# What to work on:
Needed from the data below: every line from the one with "Disney duck phone" up to and including the one with "Plastik Double Twin", repeated exactly and with nothing else.

----- Data to process -----

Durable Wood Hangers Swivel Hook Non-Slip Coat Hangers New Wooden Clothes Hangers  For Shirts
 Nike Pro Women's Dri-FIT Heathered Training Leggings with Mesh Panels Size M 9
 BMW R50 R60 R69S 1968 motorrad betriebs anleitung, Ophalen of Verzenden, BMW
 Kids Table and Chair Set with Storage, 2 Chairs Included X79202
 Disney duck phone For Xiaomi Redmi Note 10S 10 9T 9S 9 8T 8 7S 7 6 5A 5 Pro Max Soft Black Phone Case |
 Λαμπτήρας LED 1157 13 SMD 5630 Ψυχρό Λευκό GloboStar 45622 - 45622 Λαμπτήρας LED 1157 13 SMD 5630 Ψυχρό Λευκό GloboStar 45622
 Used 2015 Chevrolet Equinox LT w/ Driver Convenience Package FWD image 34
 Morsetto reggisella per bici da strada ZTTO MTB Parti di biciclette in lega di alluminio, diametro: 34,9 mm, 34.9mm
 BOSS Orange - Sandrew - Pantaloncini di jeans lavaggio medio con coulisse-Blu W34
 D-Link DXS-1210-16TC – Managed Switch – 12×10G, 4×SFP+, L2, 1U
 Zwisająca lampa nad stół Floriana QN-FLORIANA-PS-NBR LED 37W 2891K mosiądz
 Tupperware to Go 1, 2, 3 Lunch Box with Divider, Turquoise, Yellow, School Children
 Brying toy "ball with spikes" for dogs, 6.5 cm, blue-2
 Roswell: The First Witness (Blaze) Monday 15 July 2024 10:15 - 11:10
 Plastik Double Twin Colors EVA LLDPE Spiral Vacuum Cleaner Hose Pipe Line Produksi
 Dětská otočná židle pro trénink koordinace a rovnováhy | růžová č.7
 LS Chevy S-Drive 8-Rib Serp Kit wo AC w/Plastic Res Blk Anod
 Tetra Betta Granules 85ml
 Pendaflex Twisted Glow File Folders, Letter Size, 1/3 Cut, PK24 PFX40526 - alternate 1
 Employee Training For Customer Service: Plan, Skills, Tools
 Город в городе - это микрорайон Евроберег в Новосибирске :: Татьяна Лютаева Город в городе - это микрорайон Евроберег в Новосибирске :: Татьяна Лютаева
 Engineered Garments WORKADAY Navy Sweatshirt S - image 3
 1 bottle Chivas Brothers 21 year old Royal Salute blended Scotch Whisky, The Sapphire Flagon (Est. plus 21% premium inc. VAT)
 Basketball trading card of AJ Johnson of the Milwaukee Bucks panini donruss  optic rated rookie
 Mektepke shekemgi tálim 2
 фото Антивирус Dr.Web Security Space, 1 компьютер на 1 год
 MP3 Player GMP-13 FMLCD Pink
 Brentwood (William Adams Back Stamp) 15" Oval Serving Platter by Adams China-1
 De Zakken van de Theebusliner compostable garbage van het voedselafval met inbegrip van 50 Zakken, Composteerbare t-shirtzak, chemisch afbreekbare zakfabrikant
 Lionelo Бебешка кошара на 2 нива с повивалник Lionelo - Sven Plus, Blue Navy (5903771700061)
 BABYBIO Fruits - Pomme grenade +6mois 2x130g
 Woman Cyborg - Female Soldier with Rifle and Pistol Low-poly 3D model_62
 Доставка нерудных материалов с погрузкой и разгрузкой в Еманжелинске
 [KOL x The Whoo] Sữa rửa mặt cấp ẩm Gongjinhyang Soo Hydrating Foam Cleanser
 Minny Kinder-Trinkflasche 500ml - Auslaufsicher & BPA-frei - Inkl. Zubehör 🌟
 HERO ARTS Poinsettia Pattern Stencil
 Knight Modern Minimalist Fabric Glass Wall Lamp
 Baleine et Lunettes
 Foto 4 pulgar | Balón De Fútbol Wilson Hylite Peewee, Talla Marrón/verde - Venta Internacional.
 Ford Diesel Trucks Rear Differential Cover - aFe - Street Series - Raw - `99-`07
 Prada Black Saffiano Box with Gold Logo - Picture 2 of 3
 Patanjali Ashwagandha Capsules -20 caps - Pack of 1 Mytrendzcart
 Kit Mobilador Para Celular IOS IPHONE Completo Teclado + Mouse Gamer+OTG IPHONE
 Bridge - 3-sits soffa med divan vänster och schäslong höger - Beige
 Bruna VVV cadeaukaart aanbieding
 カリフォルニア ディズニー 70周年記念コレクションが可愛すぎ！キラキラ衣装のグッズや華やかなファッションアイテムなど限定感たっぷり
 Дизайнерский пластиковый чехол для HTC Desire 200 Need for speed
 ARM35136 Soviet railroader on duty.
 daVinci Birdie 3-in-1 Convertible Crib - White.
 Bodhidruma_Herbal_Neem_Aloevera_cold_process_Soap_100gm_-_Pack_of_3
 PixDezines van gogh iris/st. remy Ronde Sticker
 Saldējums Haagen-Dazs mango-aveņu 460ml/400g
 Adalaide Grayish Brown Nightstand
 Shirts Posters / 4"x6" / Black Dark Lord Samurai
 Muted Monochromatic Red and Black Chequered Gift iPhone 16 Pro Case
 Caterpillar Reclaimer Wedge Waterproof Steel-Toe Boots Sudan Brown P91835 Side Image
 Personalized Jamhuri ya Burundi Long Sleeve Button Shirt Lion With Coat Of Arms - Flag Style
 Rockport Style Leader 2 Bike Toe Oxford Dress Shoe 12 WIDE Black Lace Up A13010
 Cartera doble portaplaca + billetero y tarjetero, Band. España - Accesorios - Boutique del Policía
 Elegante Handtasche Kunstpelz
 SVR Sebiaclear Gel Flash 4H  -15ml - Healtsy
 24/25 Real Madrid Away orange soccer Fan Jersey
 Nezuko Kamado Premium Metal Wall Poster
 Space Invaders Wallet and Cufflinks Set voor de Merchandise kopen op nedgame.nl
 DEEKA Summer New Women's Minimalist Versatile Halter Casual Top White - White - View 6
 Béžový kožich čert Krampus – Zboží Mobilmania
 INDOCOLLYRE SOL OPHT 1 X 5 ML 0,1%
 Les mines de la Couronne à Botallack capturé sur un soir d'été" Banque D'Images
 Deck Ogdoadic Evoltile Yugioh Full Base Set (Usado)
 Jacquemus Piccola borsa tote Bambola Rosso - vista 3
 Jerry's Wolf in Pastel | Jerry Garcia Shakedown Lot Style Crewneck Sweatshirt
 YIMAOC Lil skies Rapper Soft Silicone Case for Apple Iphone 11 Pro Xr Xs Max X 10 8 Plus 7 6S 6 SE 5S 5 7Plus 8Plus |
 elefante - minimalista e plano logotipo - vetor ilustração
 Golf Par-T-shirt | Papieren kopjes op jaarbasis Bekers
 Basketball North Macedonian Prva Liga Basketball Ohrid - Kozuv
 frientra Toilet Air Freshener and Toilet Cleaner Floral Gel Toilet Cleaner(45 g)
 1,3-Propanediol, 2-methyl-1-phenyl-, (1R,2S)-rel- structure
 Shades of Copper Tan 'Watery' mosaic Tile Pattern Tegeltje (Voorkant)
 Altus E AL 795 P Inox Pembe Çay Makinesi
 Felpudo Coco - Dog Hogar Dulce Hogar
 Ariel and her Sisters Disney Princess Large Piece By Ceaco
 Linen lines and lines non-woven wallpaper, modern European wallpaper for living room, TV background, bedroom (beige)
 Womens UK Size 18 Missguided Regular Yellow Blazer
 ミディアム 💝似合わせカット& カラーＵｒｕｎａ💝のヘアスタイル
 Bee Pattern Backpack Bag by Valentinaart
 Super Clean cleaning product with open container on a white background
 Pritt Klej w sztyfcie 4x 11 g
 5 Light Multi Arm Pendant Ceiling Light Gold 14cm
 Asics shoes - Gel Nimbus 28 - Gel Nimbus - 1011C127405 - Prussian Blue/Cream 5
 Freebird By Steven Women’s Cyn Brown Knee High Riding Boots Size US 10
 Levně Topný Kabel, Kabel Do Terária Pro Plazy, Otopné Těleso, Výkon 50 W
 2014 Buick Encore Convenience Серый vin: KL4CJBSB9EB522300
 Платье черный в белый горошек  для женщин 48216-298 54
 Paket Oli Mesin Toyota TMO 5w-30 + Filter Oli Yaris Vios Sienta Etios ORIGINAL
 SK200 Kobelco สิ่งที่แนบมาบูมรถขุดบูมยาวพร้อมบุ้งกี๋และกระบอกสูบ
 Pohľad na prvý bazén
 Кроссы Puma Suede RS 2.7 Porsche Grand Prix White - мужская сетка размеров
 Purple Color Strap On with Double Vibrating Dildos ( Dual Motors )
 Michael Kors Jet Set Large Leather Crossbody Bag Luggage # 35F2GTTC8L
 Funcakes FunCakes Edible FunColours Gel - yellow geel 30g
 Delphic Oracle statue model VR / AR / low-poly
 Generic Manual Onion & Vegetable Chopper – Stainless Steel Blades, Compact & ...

-----

# Solution to this task:
 Disney duck phone For Xiaomi Redmi Note 10S 10 9T 9S 9 8T 8 7S 7 6 5A 5 Pro Max Soft Black Phone Case |
 Λαμπτήρας LED 1157 13 SMD 5630 Ψυχρό Λευκό GloboStar 45622 - 45622 Λαμπτήρας LED 1157 13 SMD 5630 Ψυχρό Λευκό GloboStar 45622
 Used 2015 Chevrolet Equinox LT w/ Driver Convenience Package FWD image 34
 Morsetto reggisella per bici da strada ZTTO MTB Parti di biciclette in lega di alluminio, diametro: 34,9 mm, 34.9mm
 BOSS Orange - Sandrew - Pantaloncini di jeans lavaggio medio con coulisse-Blu W34
 D-Link DXS-1210-16TC – Managed Switch – 12×10G, 4×SFP+, L2, 1U
 Zwisająca lampa nad stół Floriana QN-FLORIANA-PS-NBR LED 37W 2891K mosiądz
 Tupperware to Go 1, 2, 3 Lunch Box with Divider, Turquoise, Yellow, School Children
 Brying toy "ball with spikes" for dogs, 6.5 cm, blue-2
 Roswell: The First Witness (Blaze) Monday 15 July 2024 10:15 - 11:10
 Plastik Double Twin Colors EVA LLDPE Spiral Vacuum Cleaner Hose Pipe Line Produksi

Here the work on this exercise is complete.